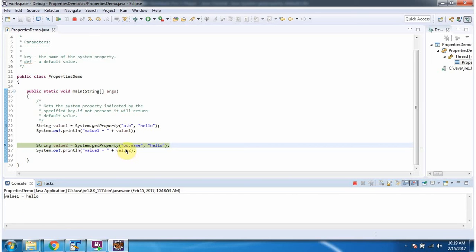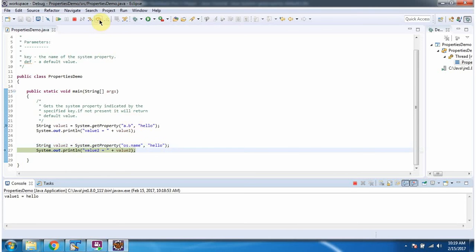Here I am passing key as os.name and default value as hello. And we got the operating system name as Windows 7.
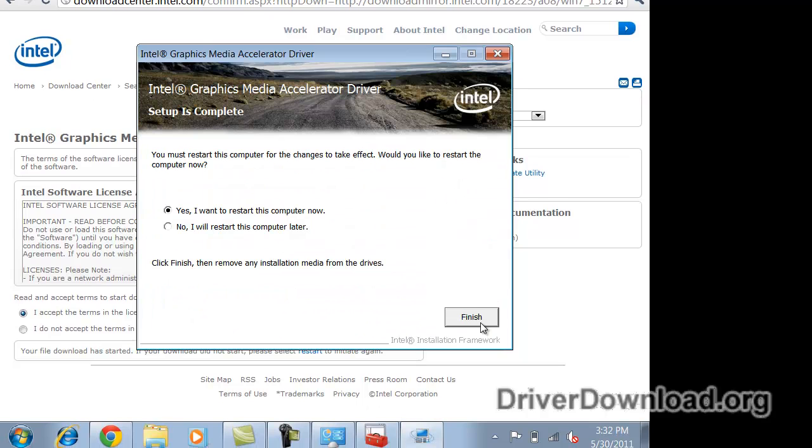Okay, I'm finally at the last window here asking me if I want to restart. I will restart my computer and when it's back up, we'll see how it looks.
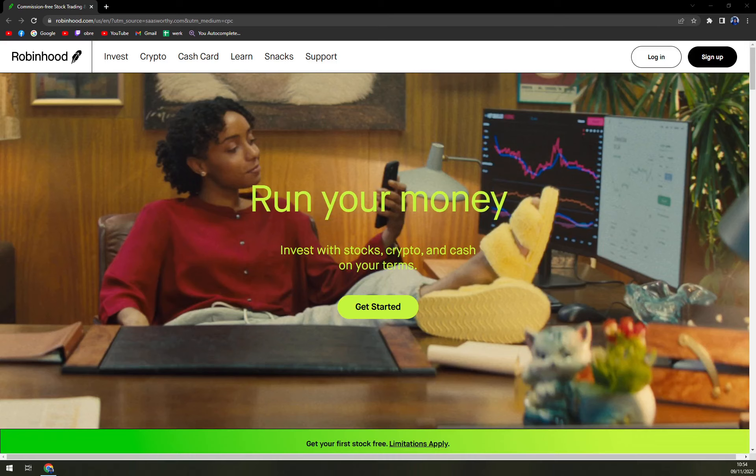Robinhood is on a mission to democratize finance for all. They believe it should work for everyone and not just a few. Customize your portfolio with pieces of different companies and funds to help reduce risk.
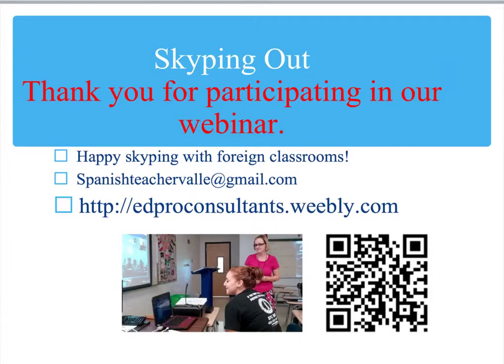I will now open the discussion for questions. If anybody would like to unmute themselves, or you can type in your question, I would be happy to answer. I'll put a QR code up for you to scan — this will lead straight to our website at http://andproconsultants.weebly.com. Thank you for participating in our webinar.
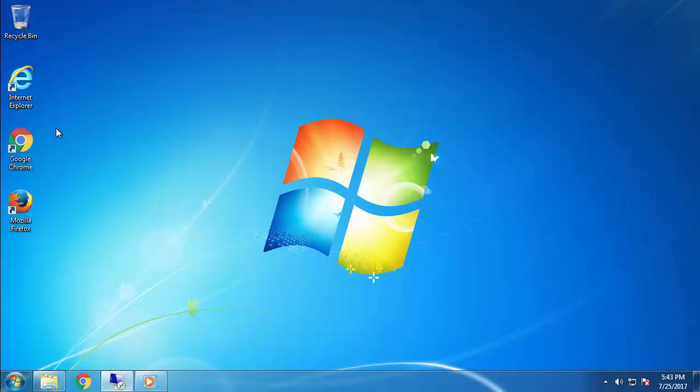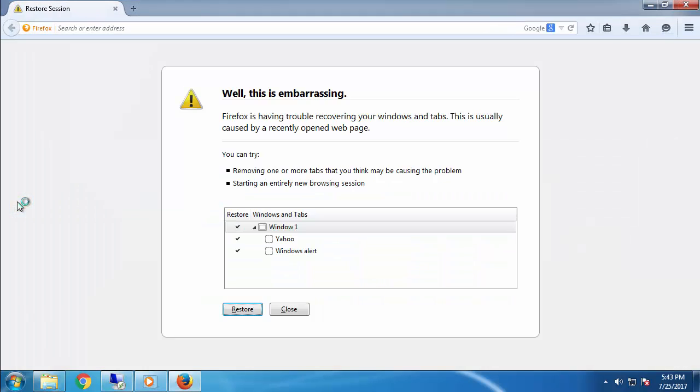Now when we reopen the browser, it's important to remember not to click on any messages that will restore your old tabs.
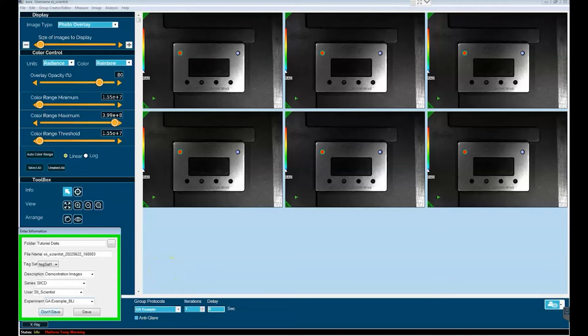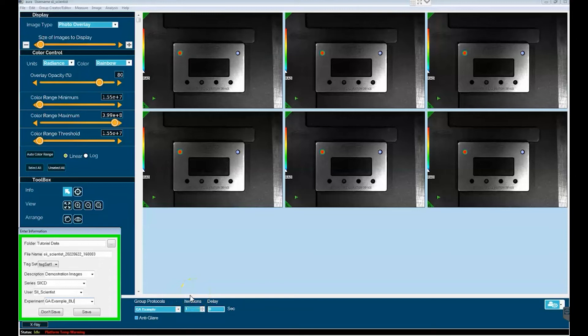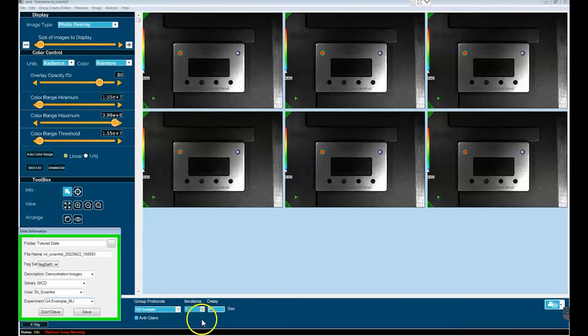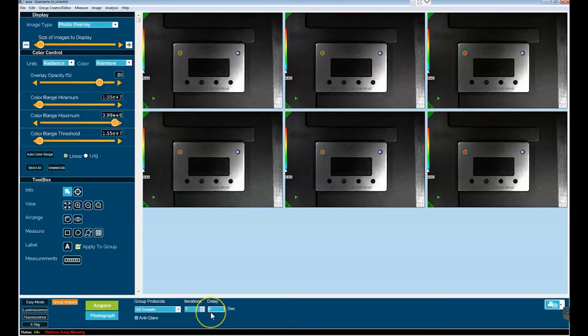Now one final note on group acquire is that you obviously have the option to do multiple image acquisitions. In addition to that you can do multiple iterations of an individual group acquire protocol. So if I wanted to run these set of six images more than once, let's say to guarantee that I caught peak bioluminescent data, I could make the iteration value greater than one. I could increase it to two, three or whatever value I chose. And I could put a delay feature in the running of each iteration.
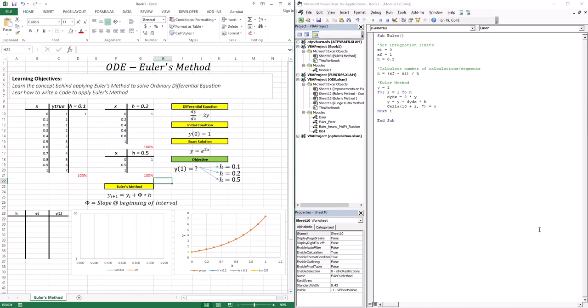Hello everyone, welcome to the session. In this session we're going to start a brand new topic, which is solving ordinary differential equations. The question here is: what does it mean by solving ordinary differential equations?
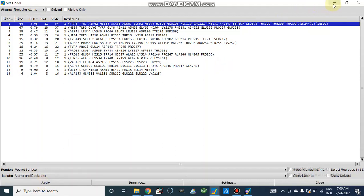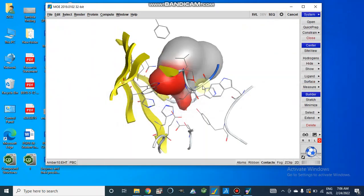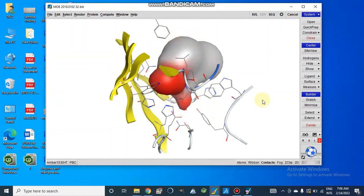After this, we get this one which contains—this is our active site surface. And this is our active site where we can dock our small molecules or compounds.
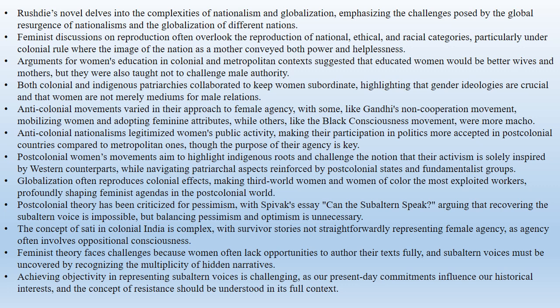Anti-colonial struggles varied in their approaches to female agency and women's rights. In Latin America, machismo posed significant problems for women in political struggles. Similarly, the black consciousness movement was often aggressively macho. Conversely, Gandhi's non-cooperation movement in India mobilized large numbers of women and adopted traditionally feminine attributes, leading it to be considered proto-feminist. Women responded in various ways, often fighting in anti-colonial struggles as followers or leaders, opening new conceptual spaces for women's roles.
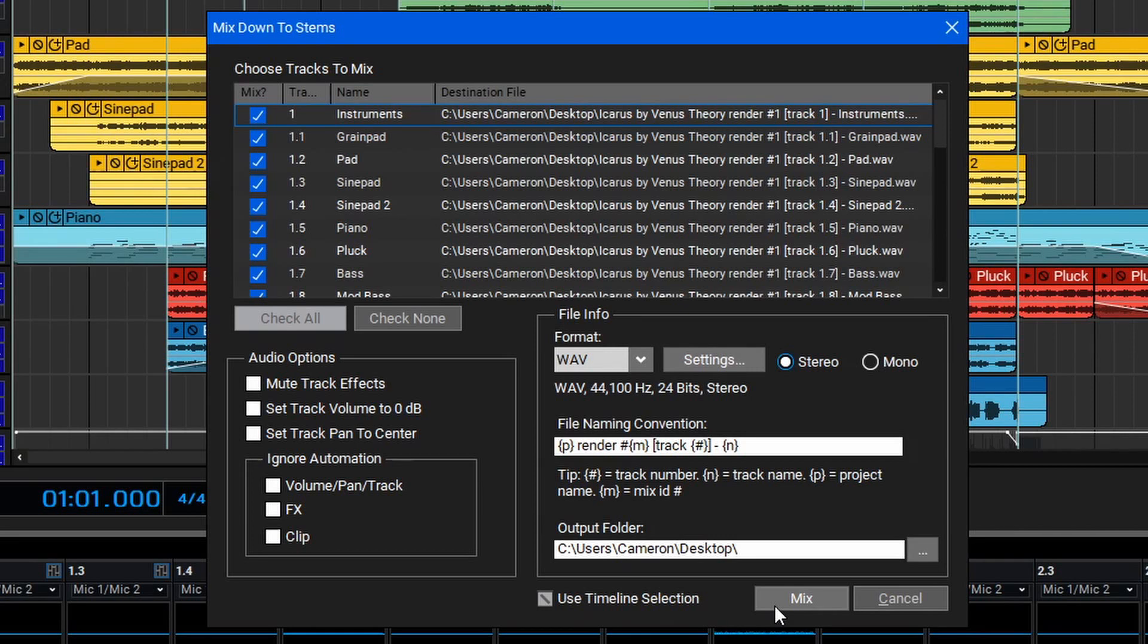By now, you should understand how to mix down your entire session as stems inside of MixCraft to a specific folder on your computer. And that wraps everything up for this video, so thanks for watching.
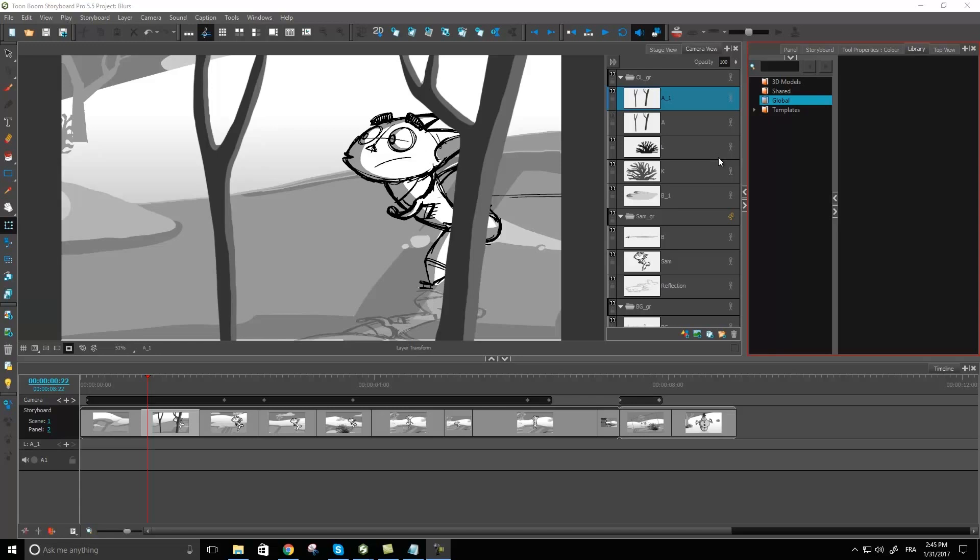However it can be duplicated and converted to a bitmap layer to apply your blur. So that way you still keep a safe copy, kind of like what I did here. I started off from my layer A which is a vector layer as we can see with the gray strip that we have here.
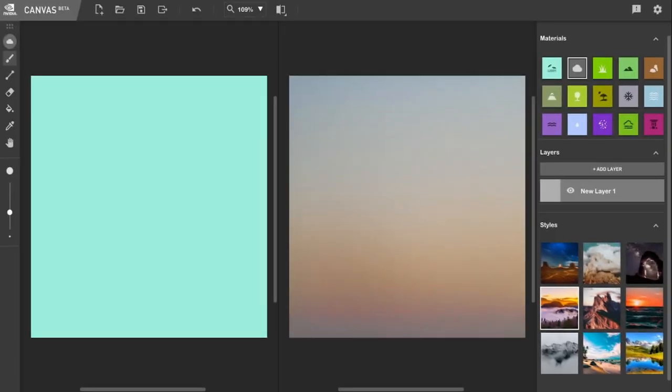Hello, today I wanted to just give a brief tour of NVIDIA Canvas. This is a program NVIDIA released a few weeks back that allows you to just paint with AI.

__Exercise aim__: Your answer must be the lines from the opening line of the entries through the line holding "Okay, I'm finally", written out exactly and without any picture.

__Reply__:
Here I am passing key as os.name and default value as hello. And we got the operating system name as Windows 7.
Okay, I'm finally at the last window here asking me if I want to restart. I will restart my computer and when it's back up, we'll see how it looks.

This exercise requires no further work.